Welcome to my Fractal
This blog is devoted to my thesis, which as of today, I have titled the "Kaleidoscopic Fractal of Mortality Design."
To those of you who do not know me, I am a graduate student at the Pratt Institute of Art working on my MS in Communication Design, have one final semester before I enter the "real world," and am currently writing my thesis, which will be adapted and applied into a super-fantastic project next semester. On a relevant note, theses will be on display next December at the Pratt Manhattan survey and next May at the Pratt Show. Look for me, I would love the opportunity for us to be formally introduced.
That said, this blog will serve to log all of the needed information and discoveries that come about this summer as I am writing. Also to organize my gillions of thoughts and piles of information regarding my topic - mortality design.
So let us begin at the beginning, for blog / day 1. "Kaleidoscopic Fractal" I recently discovered online and was very intrigued by the idea. I am rather fond of Kaleidoscopes, I like the way they distort the world around us, and seem to be ever changing, and alter each shape and viewpoint differently depending on the lighting. A "Kaleidoscopic Fractal" is officially, according to reference.com, "a design form consisting of a series of everchanging shapes and colors sensitive to their initial conditions and grown in a non-linear fashion." The phrase was coined by the artist Willow Hemphill in 1996.
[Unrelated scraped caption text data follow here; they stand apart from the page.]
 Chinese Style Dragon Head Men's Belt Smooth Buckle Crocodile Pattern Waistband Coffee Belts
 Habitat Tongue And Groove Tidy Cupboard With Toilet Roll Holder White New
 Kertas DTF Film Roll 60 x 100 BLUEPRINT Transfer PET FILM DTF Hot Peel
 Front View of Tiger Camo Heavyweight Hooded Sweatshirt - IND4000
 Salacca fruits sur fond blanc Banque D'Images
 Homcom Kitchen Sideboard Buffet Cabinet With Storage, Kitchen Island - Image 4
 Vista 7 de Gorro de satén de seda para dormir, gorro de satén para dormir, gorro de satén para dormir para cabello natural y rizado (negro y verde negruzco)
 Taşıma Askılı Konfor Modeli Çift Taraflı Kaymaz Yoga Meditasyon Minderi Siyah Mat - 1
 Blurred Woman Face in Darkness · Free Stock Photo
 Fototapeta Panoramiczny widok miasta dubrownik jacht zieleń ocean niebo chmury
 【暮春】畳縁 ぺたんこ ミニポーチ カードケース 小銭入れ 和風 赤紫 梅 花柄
I feel that Mortality Design, which is what I am calling my topic, and the "Kaleidoscopic Fractal" inter-relate because all of design is affected by time (mortality, death, aging, decomposition, etc), and is ever-changing, evolving, creation to destruction, etc. Therefore, the idea of a "Kaleidoscopic Fractal" is an interesting way to view the mortality of design because design (which can be referenced to life is general) is affected by the designer's start / background / past, and in effect is altered by everything it comes into contact with along the way. (IE "sensitive to [its] initial conditions") Great design is never linear, passes through many different changing stages, and if truly revolutionary, can be adapted to and evolve for the future.
And so there it is. I am considering adapting this into my portfolio / website / self-promotional materials / and thesis.
"The Kaleidoscopic Fractal of Amarides."